Could all of the entries be written out exactly, with any pictures omitted?

-- EXTRACTED ENTRIES --
···

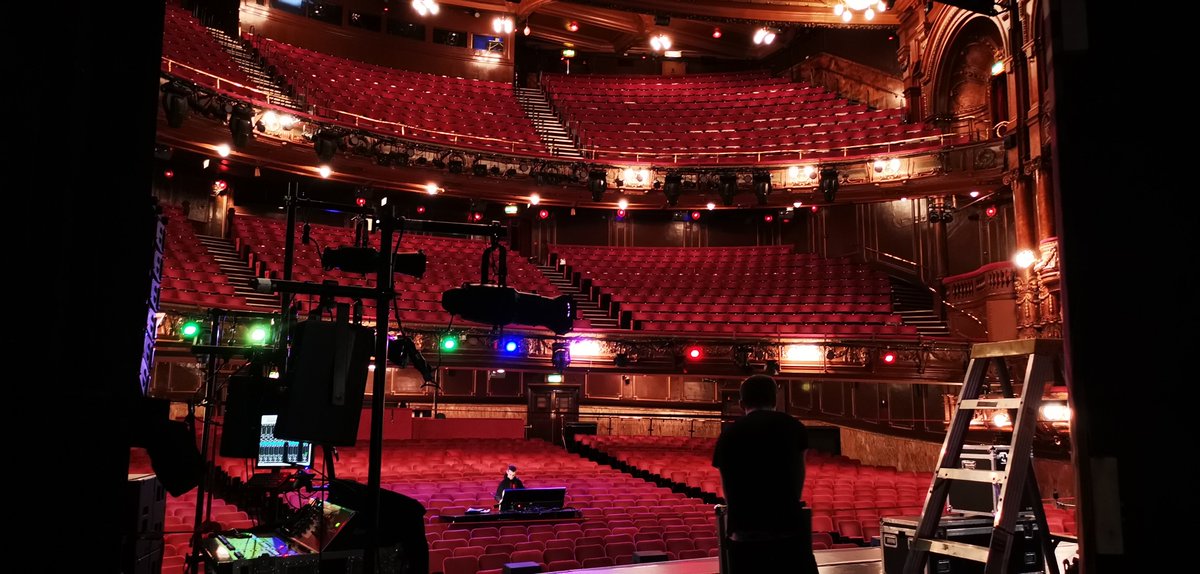 Great to be back <a href="/LondonPalladium/">The London Palladium</a> with <a href="/RipItUpTheShow/">Rip It Up</a> today, great team, have a brilliant final show of the tour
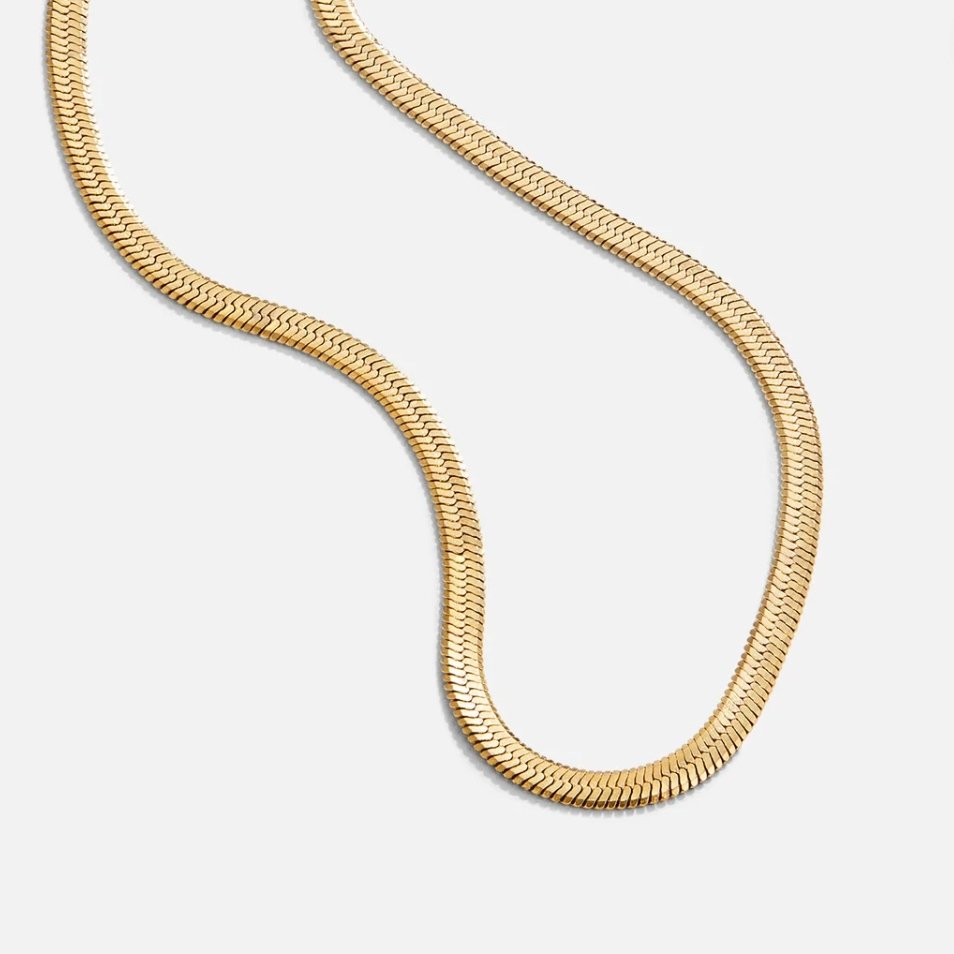Marie – Graceful Gold Necklace with Soft Curves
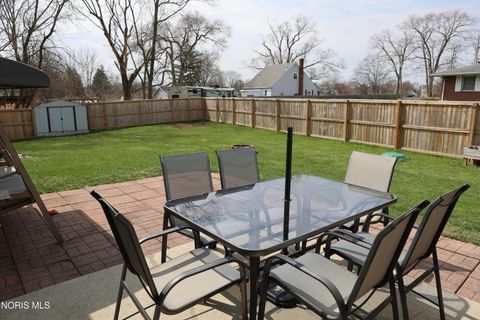 Tiny photo for 1007 Crystal Lane, Findlay, OH 45840 (MLS # 10006061)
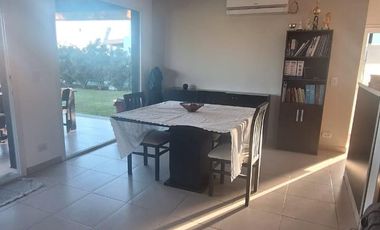 Casa en El Canton - Norte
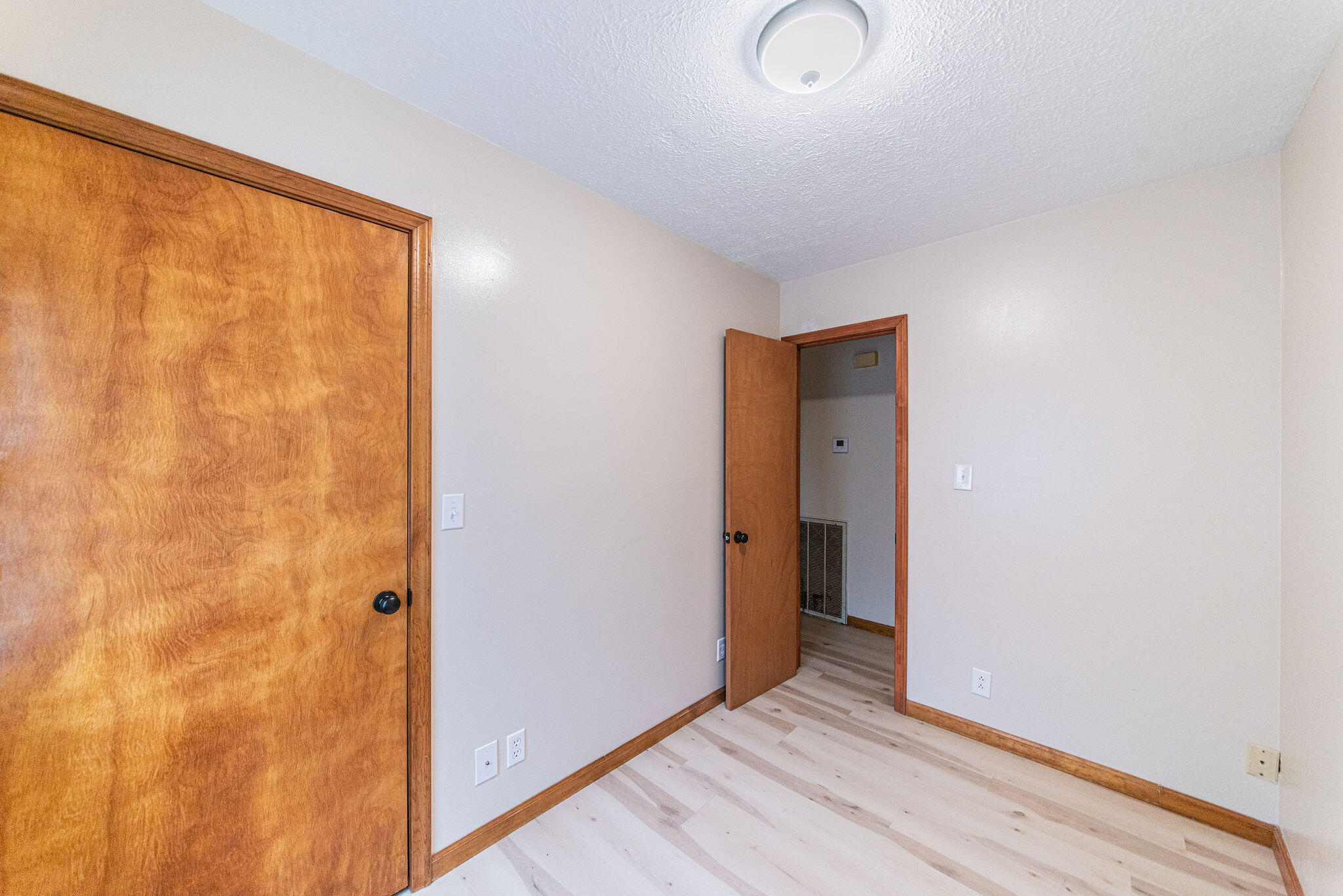 671 Riverview Drive Property Photo 21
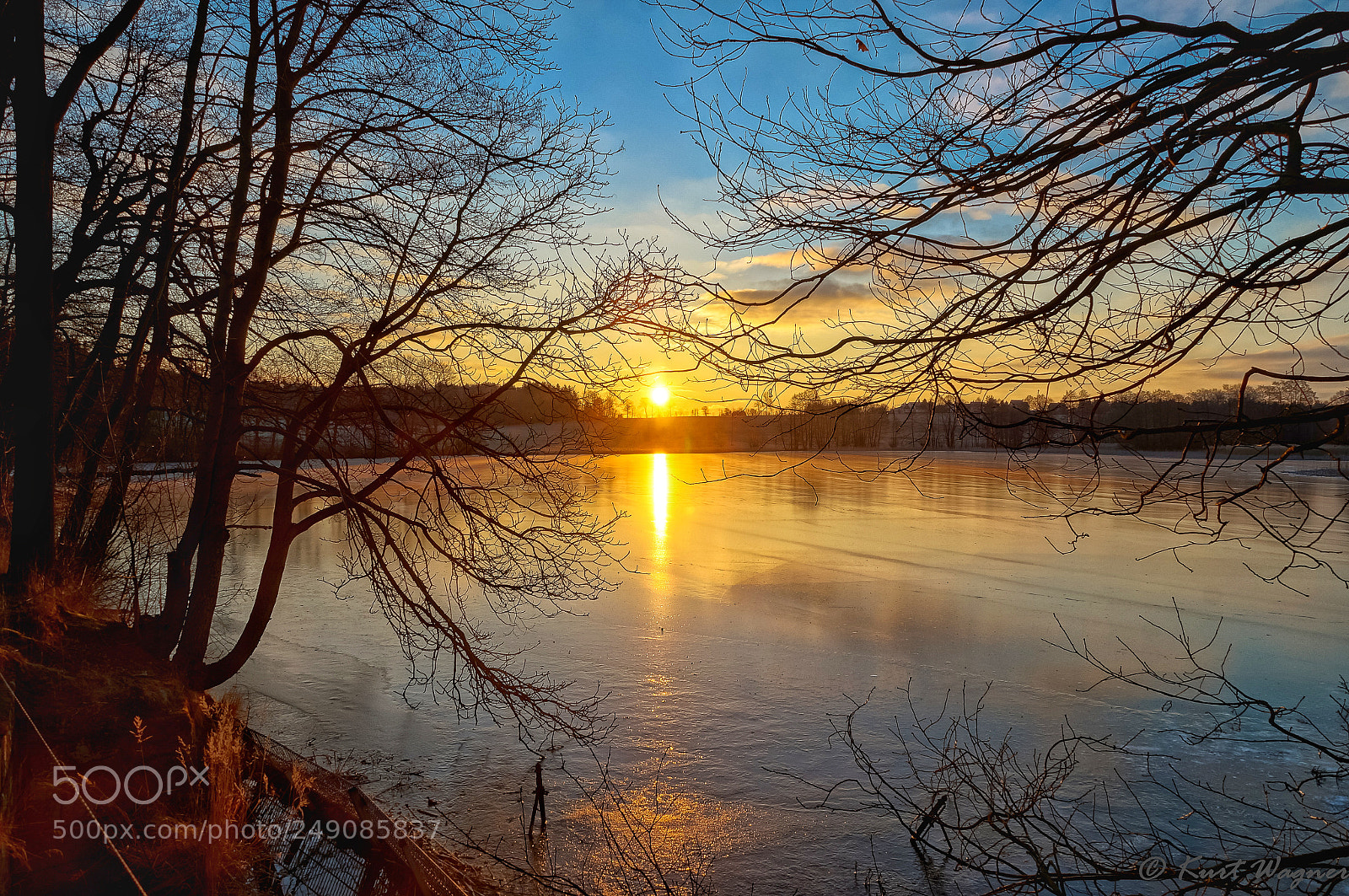 Sony SLT-A57 sample photo. Frozen lake photography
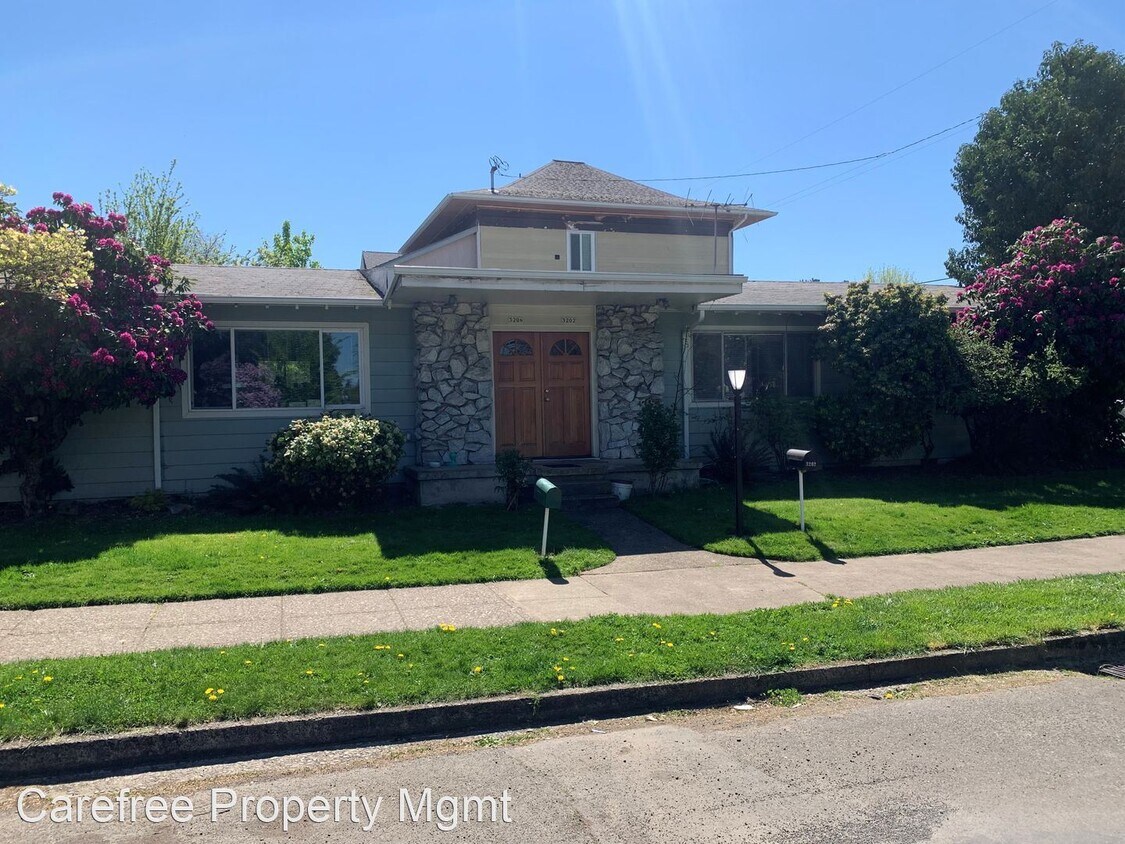 Foto principal - 2 br, 1 bath House - 3202 SE Francis Street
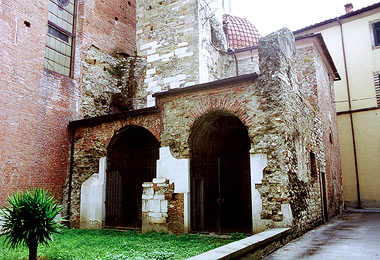 Lucca, i due vani presso il campanile della chiesa di S. Agostino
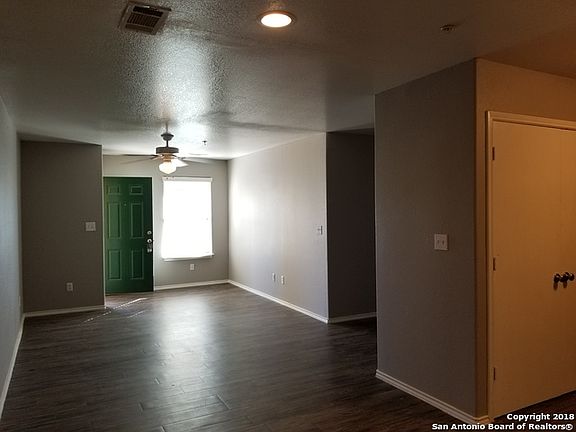 5th image of 1875 Thompson Pl APT 4201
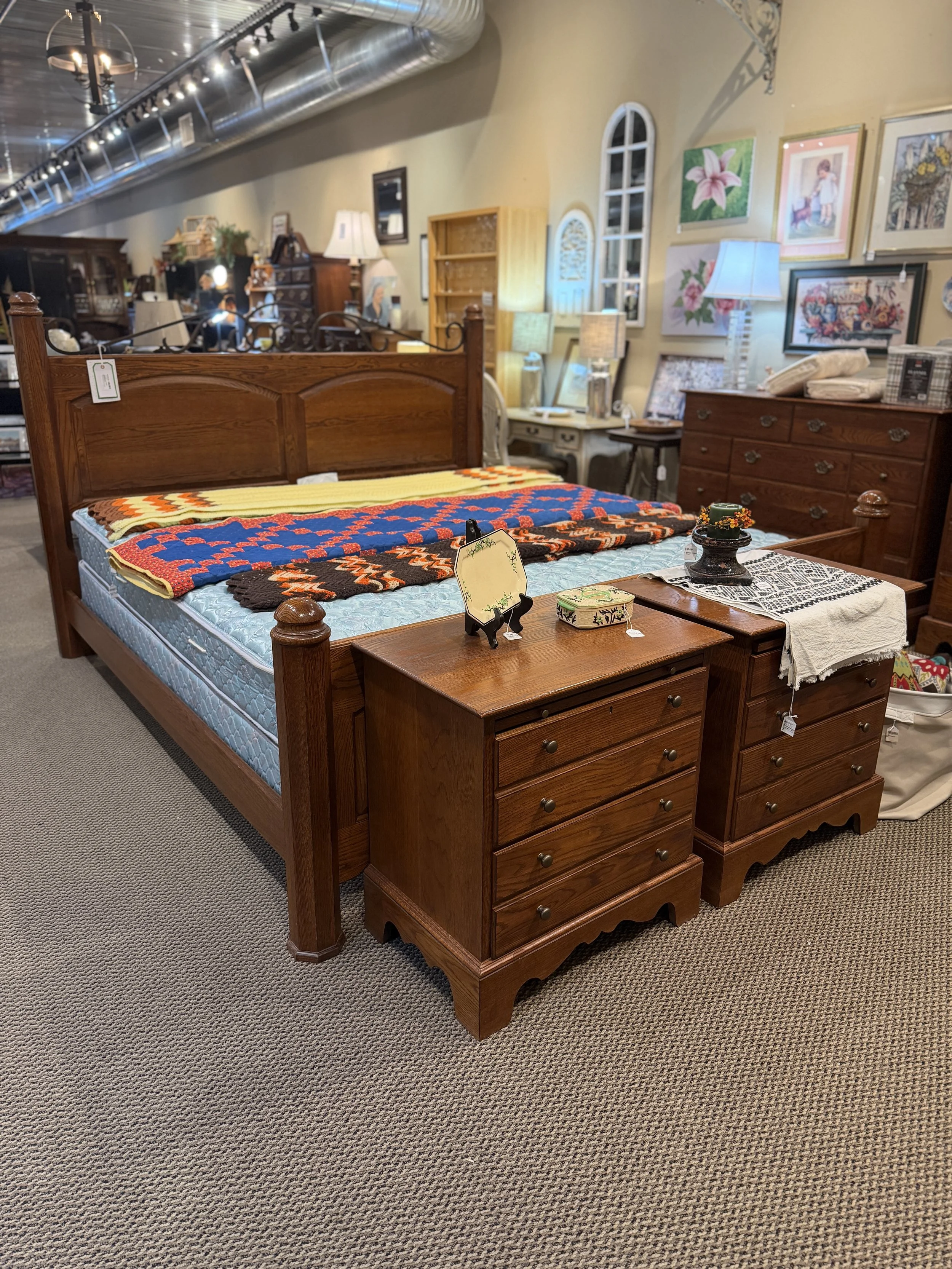 Thomasville 5 Piece Bedroom Set $1,500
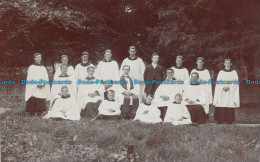 R135894 Group Photo. Old Photography. Postcard - Monde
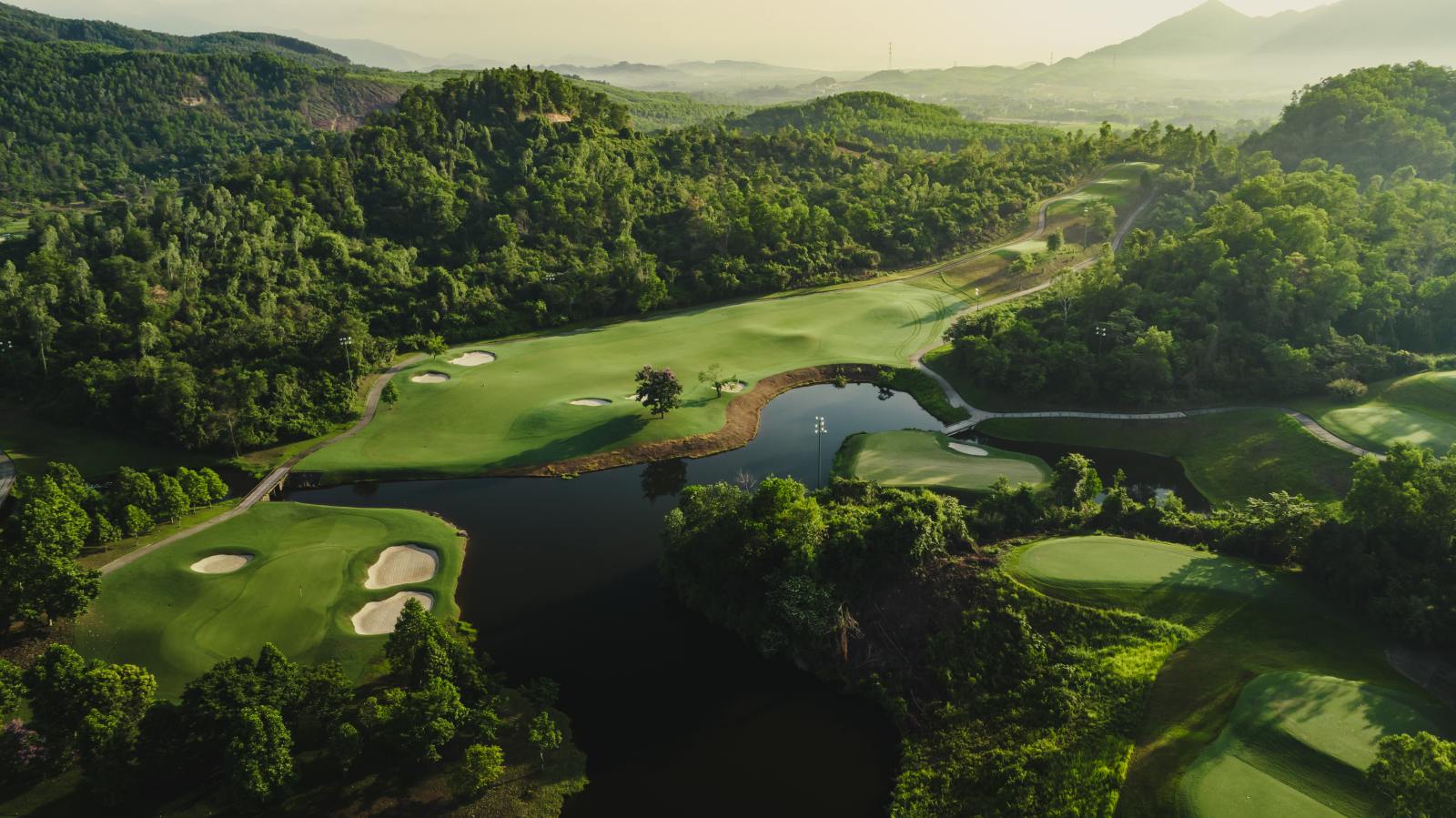 Emirates, Emirates đến Đà Nẵng, mở đường bay đến Đà Nẵng, điểm đến golf hàng đầu Việt Nam, best golf destination in Asia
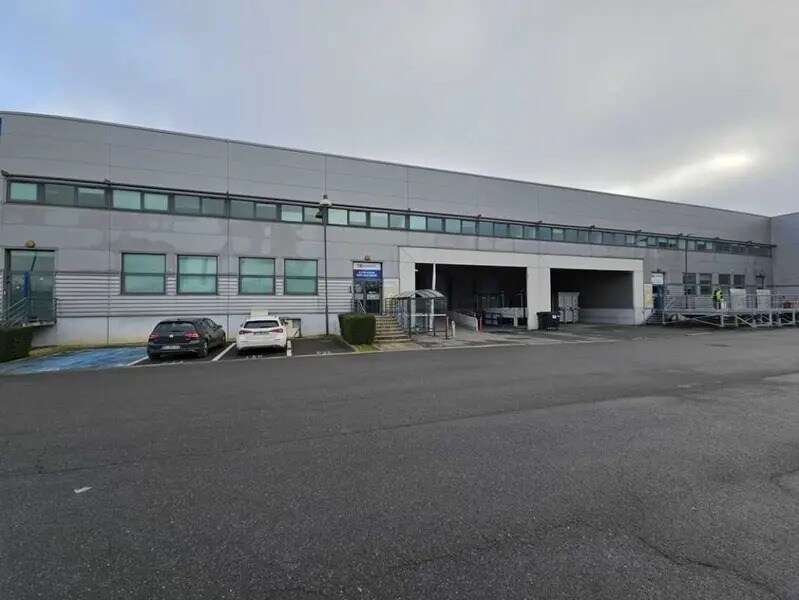 Light Industrial in Ivry-sur-Seine to rent Building Photo- Image 1 of 12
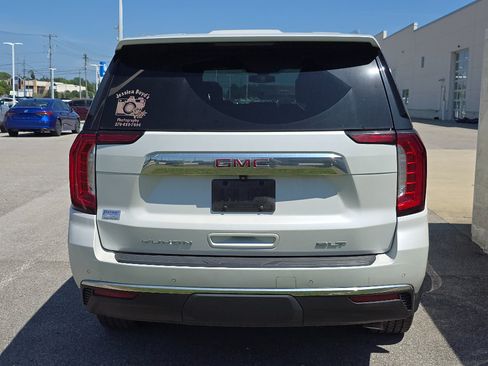 Used 2021 GMC Yukon SLT w/ SLT Luxury Plus Package AWD/4WD image 3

···

-- TASK OUTPUT --
 Great to be back <a href="/LondonPalladium/">The London Palladium</a> with <a href="/RipItUpTheShow/">Rip It Up</a> today, great team, have a brilliant final show of the tour
Marie – Graceful Gold Necklace with Soft Curves
 Tiny photo for 1007 Crystal Lane, Findlay, OH 45840 (MLS # 10006061)
 Casa en El Canton - Norte
 671 Riverview Drive Property Photo 21
 Sony SLT-A57 sample photo. Frozen lake photography
 Foto principal - 2 br, 1 bath House - 3202 SE Francis Street
 Lucca, i due vani presso il campanile della chiesa di S. Agostino
 5th image of 1875 Thompson Pl APT 4201
 Thomasville 5 Piece Bedroom Set $1,500
 R135894 Group Photo. Old Photography. Postcard - Monde
 Emirates, Emirates đến Đà Nẵng, mở đường bay đến Đà Nẵng, điểm đến golf hàng đầu Việt Nam, best golf destination in Asia
 Light Industrial in Ivry-sur-Seine to rent Building Photo- Image 1 of 12
 Used 2021 GMC Yukon SLT w/ SLT Luxury Plus Package AWD/4WD image 3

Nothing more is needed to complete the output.